There are lots of blocks.
Each block defines the value of something.
The blocks depend on each other, and the dependencies can be cyclic.

What this means, and of course everybody knows it, is that you can't make any sense of code in the general case. That is, the only way to compute the values defined by the blocks of code is to "run" the code – keep chasing the links between the blocks, computing the values they define as you go. You can't even prove that this process will terminate given an arbitrary bulk of code, not to mention proving its correctness.

Now, an image, for example, isn't code. Well, philosophically, it is, because if they show you an image and it's really ugly, you'll say "ewww". So the image was in fact a program giving instructions to your brain. The output of your brain's image compiler is the following code in the human body assembly language:

MOV R0, dev_mouth
MOV R1, disgust_string
JMP write
RET
disgust_string:
.asciz "ewww"

More interestingly, you can write a program that processes images, and this particular image may be the one that makes your program so confused that it never terminates. However, this doesn't mean that the image itself is "code". The image doesn't have interconnected blocks defining values. Even if the image is a screenshot of code.

An image is a two-dimensional array of pixels, a nice, regular data structure. You don't have to "run" it in order to do useful things with it, like computing its derivatives or e-mailing it to your friends so they'll go "ewww". And programs doing that can be proven to terminate, unless you have an infinitely slow connection to the outgoing mail server.

So what I'm saying is, code is a special kind of data, having blocks which define values and depend on each other. Does it really matter whether a particular piece of data is "code" according to this definition? I think it does. One reason is the above-mentioned fact that you can't really make sense of code. Many people realize the practical drawbacks of this, and so in many contexts, they use data-driven programming instead of the arguably more natural "code-driven" programming.

Everything you represent as "data" can be processed by many different programs, which is good. Everything you represent as "code" can only be processed by a kind of interpreter, which is bad. I'm not talking about the difficulty of parsing the syntax, which doesn't exist with Lisp or Forth, isn't a very big deal with C or Java and is a full-featured nightmare with C++ or Perl. I'm talking about the semantics – for many purposes, you can't really "understand" what you've parsed without running it, and this is common to all Turing-complete languages.

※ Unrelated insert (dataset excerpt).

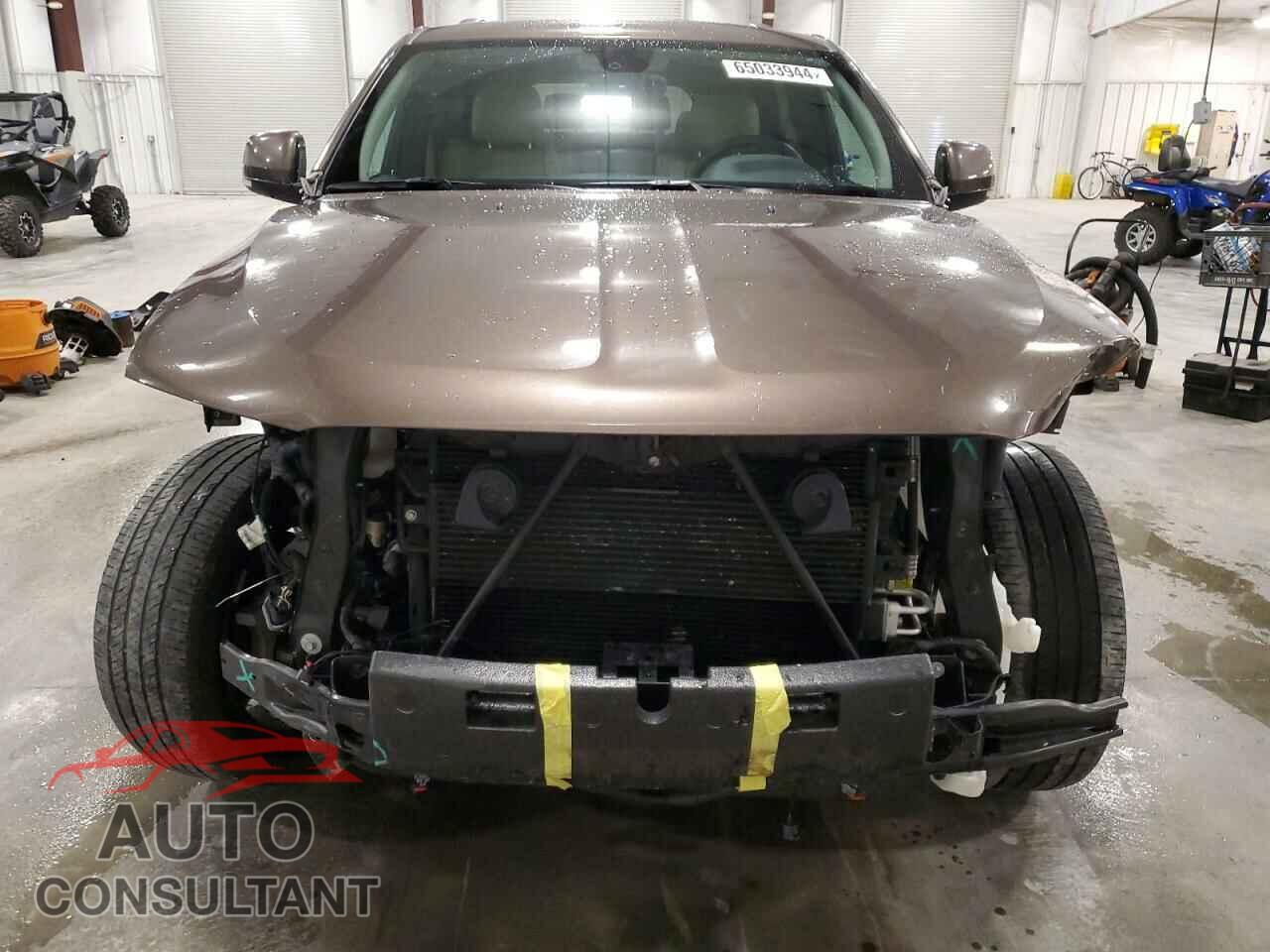 DODGE DURANGO 2017 - 1C4RDJDG0HC771237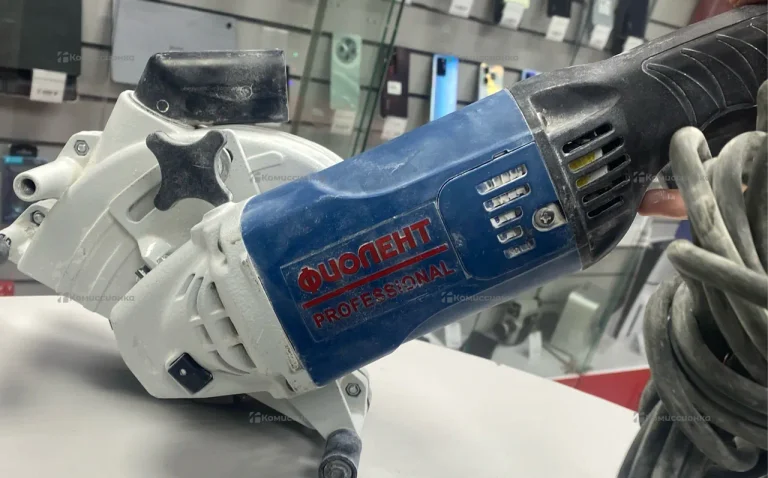 Штроборез Фиолент Б2-30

But this isn't going to be about the inability to analyze code. This is going to be about the somewhat more basic problem with code – that of blocks which point to each other. In order to explain what I mean, I'll use the example of 3 interactive programming environments – Matlab, Unix shells and Python, listed in decreasing order of quality (as interactive environments, not programming languages).

Interactive programming is the kind of programming where the stuff you define is kept around without much effort on your behalf. The other kind of programming is when you compile and run your code and it computes things and exits and they are gone. Clearly interactive programming is nicer, because it makes looking at data and trying out code on it easy.

Or so it should be; in practice, it looks like more people prefer "batch programming", so there might be some drawbacks in the actual interactive environments out there. What makes for a good interactive environment, and what spoils the fun? Let's look at some well-known gotchas with existing environments.

Some of the most upset people I've seen near computers were the ones that had a Matlab session running for months when their machine crashed. It turned out that they had a load of data there – measurements, results of heavy computations, symbolic equations and their solutions – and now it's all gone. GAAA!! This doesn't happen with batch programming that much, because you send the output of programs to persistent storage.

This problem, nasty as it may be, looks easy to fix – just have the system periodically save the workspace in the background. Perhaps Matlab already has this. I wouldn't know, because I tend to manually save things once in a few minutes, since my childhood trauma of losing a file I loved. Anyway, this doesn't look like an inherent problem of interactive computing, just an awfully common implementation problem. For example, do Unix shells, by default, save the command history of each separate concurrent session you run? I think you know the answer.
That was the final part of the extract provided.